ACTIVITY ->
Your answer must be an exact transcription of the lines from the line with "VW Tiguan 2.0" through the final line of the data.
*** DATA FOR THIS TASK Section Begins ***
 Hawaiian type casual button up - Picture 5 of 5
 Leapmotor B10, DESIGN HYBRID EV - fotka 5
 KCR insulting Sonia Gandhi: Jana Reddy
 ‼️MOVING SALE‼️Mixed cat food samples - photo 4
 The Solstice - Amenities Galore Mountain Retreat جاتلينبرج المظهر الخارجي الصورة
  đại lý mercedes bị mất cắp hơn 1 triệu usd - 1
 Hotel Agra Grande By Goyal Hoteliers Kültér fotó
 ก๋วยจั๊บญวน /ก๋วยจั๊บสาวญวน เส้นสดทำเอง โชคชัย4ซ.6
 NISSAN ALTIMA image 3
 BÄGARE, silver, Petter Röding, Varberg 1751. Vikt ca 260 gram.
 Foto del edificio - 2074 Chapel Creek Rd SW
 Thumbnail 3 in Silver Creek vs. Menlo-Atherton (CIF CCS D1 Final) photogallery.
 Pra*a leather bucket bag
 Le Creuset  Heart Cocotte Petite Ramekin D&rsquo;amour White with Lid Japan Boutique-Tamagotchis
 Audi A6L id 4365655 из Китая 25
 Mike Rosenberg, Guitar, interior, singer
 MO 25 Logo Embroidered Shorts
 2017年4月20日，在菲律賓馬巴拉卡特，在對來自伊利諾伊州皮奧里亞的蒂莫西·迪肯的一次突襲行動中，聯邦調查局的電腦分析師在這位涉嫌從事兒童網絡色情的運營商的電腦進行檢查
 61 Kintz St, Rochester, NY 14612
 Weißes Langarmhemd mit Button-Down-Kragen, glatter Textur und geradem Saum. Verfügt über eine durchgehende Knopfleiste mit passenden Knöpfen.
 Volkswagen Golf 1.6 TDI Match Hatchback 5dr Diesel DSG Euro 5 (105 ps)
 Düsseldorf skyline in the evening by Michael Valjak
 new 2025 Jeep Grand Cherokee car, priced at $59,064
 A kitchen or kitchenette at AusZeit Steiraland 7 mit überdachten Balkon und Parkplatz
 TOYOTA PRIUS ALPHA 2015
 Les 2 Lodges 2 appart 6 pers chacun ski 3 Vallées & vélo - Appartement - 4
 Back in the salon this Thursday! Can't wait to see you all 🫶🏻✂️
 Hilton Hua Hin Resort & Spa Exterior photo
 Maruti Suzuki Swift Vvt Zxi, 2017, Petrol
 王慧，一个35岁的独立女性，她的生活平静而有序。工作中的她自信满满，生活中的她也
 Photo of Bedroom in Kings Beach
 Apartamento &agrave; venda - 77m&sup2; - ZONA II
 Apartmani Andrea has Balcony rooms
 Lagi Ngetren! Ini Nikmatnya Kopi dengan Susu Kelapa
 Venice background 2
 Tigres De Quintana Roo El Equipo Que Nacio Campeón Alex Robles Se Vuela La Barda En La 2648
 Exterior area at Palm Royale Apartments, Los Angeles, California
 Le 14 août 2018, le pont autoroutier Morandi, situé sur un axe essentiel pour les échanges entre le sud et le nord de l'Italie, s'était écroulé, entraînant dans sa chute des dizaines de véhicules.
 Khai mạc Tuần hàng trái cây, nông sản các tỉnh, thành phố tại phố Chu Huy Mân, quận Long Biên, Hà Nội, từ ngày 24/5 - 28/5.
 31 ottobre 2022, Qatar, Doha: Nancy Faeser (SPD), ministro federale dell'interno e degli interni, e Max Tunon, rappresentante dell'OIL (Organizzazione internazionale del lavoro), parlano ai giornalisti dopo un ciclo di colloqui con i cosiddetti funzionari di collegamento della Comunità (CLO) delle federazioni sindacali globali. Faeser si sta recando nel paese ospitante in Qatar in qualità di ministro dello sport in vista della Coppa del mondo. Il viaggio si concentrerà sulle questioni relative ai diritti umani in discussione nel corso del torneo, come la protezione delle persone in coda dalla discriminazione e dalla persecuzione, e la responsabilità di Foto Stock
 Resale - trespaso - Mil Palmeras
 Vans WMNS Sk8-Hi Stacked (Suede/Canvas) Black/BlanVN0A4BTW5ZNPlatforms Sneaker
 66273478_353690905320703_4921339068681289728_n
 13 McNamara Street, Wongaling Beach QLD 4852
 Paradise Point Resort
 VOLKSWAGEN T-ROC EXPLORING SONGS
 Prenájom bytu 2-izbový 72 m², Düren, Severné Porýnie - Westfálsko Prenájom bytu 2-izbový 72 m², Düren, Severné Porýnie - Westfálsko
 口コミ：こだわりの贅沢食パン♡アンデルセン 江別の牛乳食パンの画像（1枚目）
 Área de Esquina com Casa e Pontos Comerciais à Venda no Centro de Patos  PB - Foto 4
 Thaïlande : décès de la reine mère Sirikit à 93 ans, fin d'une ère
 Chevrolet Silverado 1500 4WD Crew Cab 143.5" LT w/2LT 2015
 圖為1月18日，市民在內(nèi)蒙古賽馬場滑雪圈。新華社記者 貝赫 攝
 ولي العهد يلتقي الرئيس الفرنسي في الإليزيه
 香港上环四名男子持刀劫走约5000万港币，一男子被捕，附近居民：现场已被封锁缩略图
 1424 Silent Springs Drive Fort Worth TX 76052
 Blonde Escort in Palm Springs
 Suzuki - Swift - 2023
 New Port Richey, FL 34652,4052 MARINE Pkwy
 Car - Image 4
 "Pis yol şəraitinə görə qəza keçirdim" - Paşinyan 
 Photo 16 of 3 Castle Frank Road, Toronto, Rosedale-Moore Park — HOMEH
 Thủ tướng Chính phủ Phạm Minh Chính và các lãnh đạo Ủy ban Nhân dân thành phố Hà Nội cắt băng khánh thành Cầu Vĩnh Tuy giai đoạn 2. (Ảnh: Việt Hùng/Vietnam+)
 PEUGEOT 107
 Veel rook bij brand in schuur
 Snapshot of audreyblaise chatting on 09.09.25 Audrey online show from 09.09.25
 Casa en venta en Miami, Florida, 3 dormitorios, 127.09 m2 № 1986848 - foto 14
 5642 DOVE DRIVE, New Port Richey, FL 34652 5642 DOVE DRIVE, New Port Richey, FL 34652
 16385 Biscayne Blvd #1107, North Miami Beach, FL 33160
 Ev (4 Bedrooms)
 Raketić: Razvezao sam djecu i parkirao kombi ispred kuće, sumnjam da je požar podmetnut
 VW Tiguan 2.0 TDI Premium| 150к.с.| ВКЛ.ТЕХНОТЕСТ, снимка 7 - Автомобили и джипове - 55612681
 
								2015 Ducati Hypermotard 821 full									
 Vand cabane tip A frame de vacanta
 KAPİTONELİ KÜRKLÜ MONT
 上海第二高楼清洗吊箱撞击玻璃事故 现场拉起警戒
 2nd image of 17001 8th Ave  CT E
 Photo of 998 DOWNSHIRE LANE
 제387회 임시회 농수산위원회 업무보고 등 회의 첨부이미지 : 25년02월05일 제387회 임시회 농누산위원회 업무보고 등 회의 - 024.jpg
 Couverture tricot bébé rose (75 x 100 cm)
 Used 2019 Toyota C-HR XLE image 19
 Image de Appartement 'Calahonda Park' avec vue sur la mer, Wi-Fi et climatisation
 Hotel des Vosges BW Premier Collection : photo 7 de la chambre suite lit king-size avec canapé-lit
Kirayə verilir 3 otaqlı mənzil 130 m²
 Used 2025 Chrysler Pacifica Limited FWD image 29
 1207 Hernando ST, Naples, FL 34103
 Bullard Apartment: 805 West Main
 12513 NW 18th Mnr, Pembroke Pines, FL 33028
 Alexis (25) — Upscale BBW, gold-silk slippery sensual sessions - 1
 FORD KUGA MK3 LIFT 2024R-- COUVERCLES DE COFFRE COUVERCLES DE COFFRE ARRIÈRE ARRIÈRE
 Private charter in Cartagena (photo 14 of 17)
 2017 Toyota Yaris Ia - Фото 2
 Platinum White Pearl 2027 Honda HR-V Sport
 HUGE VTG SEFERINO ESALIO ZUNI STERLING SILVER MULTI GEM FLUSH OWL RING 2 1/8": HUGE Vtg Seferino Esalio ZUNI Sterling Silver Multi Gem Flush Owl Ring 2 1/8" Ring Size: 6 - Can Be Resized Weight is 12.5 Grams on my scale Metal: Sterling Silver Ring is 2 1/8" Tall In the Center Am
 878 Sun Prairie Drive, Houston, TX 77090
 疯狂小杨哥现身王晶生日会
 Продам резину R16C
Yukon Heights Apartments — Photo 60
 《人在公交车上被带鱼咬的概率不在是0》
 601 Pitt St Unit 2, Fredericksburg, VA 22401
*** DATA FOR THIS TASK Section Ends ***
FINAL ANSWER ->
 VW Tiguan 2.0 TDI Premium| 150к.с.| ВКЛ.ТЕХНОТЕСТ, снимка 7 - Автомобили и джипове - 55612681
 
								2015 Ducati Hypermotard 821 full									
 Vand cabane tip A frame de vacanta
 KAPİTONELİ KÜRKLÜ MONT
 上海第二高楼清洗吊箱撞击玻璃事故 现场拉起警戒
 2nd image of 17001 8th Ave  CT E
 Photo of 998 DOWNSHIRE LANE
 제387회 임시회 농수산위원회 업무보고 등 회의 첨부이미지 : 25년02월05일 제387회 임시회 농누산위원회 업무보고 등 회의 - 024.jpg
 Couverture tricot bébé rose (75 x 100 cm)
 Used 2019 Toyota C-HR XLE image 19
 Image de Appartement 'Calahonda Park' avec vue sur la mer, Wi-Fi et climatisation
 Hotel des Vosges BW Premier Collection : photo 7 de la chambre suite lit king-size avec canapé-lit
Kirayə verilir 3 otaqlı mənzil 130 m²
 Used 2025 Chrysler Pacifica Limited FWD image 29
 1207 Hernando ST, Naples, FL 34103
 Bullard Apartment: 805 West Main
 12513 NW 18th Mnr, Pembroke Pines, FL 33028
 Alexis (25) — Upscale BBW, gold-silk slippery sensual sessions - 1
 FORD KUGA MK3 LIFT 2024R-- COUVERCLES DE COFFRE COUVERCLES DE COFFRE ARRIÈRE ARRIÈRE
 Private charter in Cartagena (photo 14 of 17)
 2017 Toyota Yaris Ia - Фото 2
 Platinum White Pearl 2027 Honda HR-V Sport
 HUGE VTG SEFERINO ESALIO ZUNI STERLING SILVER MULTI GEM FLUSH OWL RING 2 1/8": HUGE Vtg Seferino Esalio ZUNI Sterling Silver Multi Gem Flush Owl Ring 2 1/8" Ring Size: 6 - Can Be Resized Weight is 12.5 Grams on my scale Metal: Sterling Silver Ring is 2 1/8" Tall In the Center Am
 878 Sun Prairie Drive, Houston, TX 77090
 疯狂小杨哥现身王晶生日会
 Продам резину R16C
Yukon Heights Apartments — Photo 60
 《人在公交车上被带鱼咬的概率不在是0》
 601 Pitt St Unit 2, Fredericksburg, VA 22401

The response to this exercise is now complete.